アーチはエドを相手にせずに酒場を後にしましたが、エドはなおもアーチに絡んできたので、ハリーに噂を知られたくないアーチはエドを痛めつけました。
帰り道、ハリーはアーチにエドを殴った理由を尋ね、アーチは仕方なくエドが話した噂話の件を伝えました。アーチはハリーにはハンナに真相を問い質す権利はないと告げましたが、ハリーはハンナと二人きりになった際に真相を訊いてみました。
ハンナは寂しさを紛らわすために何人かの使用人と寝たことを認め、彼女の心情を思いやったハリーはそれ以上の詮索はやめることにしました。
さすらいのカウボーイのネタバレあらすじ:転
翌朝、ハリーは一人で町に向かい、街中に「死んだと思われたハリーが戻った。今後使用人は雇わない」と書いた張り紙を貼っていきました。一方のハンナは張り紙を見たという地元住民から声をかけられ、初めてハリーの貼った張り紙の存在に気付きました。
その夜、ハンナはアーチと二人きりで話し合い、ハリーがいよいよこの地に落ち着こうとしていることについて意見を求めました。アーチはハリーに留まってほしいのならば本人にそのことを伝えて、自分自身にも言い聞かせるべきだとアドバイスすると、自分はこの農場を離れて再びカリフォルニアへ旅立とうと考えていることを伝えました。
アーチはその後もしばらくハリーと共に働いていましたが、ある日アーチはハリーにも旅立つ決意を伝えました。ハリーはショックを受けながらも引き留めることはできず、ハンナに、アーチに出ていくよう頼んだのかと問いました。
ハンナはアーチ自身が決めたことだと返答し、自分よりもハリーと長く過ごしたアーチはいわば浮気相手のようなものであり、ハリーの考えは浮気相手と共に戻ってみんなで住もうと言っているのと同じだと意見を述べました。ハリーは「アーチは君の望み通りに出ていく」とだけ答え、それ以来アーチとは多くを語ることはありませんでした。
やがてアーチは旅立ちの時を迎え、ハリー、ハンナ、ジェイニーに見送られて農場を後にしました。その日からハンナはハリーを正式に夫として認め、二人は次第に良好な夫婦関係を取り戻していきました。しかし、そんな穏やかな日々は、マグヴェイの使いと名乗る男がアーチの馬に乗って農場に現れたことにより終わりを告げました。
さすらいのカウボーイの結末
マグヴェイの使いが持ってきた包みには、斬り落とされたアーチの右手の小指が入っていました。マグヴェイの使いはアーチを捕らえていることを伝え、ハリーにマグヴェイの元に行くよう告げました。ハリーは泣いて引き留めるハンナに、必ず戻ると約束し、マグヴェイの使いと共にデル・ノルテへと出発しました。

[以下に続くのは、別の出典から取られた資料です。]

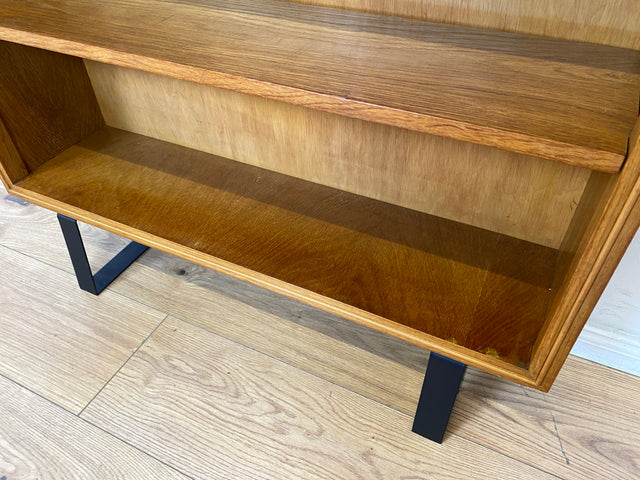 Stilvolles helles Mid-Century Regal , Vollholz, mit verstellb. Regalböden & neuen Metallfüßen I Holzregal Bücherregal Bücherschrank Küchenregal Regalwand Vintage Retro 60er I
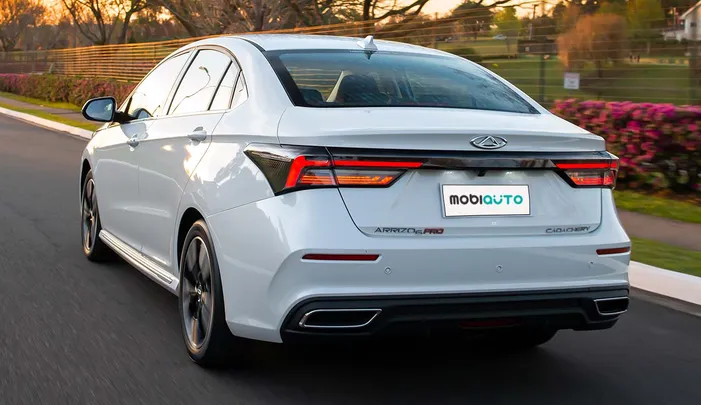 Sedan renovado chega para ser a opção mais sofisticada e cara da linha, convivendo com modelo antigo. Será a tática certa para subir nas vendas?
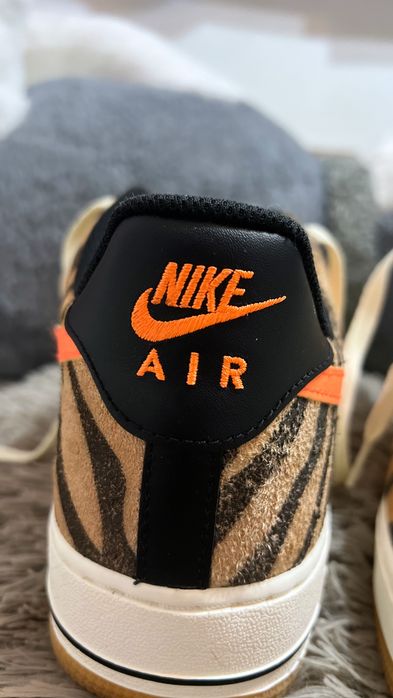 Vând Nike Tiger Air Force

ハリーは旅の途中でマグヴェイの使いを殺し、アーチの馬を連れて先を急ぎました。その頃、マグヴェイの家に拘束されていたアーチは、マグヴェイの妻が夫に虐待されていることを知りました。
マグヴェイの妻はアーチに水を与えた際、アーチは銃を渡してくれるよう頼みましたが、妻は自分が殺されてしまうと断りました。しかし、マグヴェイの執拗な暴力に耐えきれなくなった妻は、密かにアーチに協力することにしました。
その直後、マグヴェイの家にハリーが乗り込んできました。ハリーはマグヴェイの手下と銃撃戦を繰り広げましたが、反撃されて銃弾を受けてしまいました。マグヴェイの妻に檻を開けてもらったアーチは、銃を奪ってハリーに加勢、マグヴェイの手下たちを皆殺しにしました、
アーチの弾が切れ、ハリーは最後の力を振り絞ってマグヴェイを射殺しました。アーチは虫の息のハリーに駆け寄り、ハリーを抱きかかえました。
その頃、ハンナは家のポーチの椅子に座りながら、ハリーの帰りを待っていました。すると、ハリーの馬に乗ったアーチが自分の馬を引き連れてハンナの農場に戻って来ました。ハンナはハリーがもう二度と帰ってこないことを悟り、家の中に入りました。
アーチはハリーの馬と自分の馬を納屋に入れて、扉を閉めました。
以上、映画「さすらいのカウボーイ」のあらすじと結末でした。
この映画「さすらいのカウボーイ」は、詩的なイメージと西部劇独自の素朴さで、人生のさすらいの意味を見つめた佳作だと思います。
この映画「さすらいのカウボーイ」は、詩的なイメージと、西部劇独自の素朴さを持った、公開当時のキャッチコピーで言うところの、”ニューウエスタン”で、「イージー・ライダー」で、アメリカ・ニューシネマの寵児とったピーター・フォンダが、初めて監督し、同時に主演も兼ねた意欲作ですね。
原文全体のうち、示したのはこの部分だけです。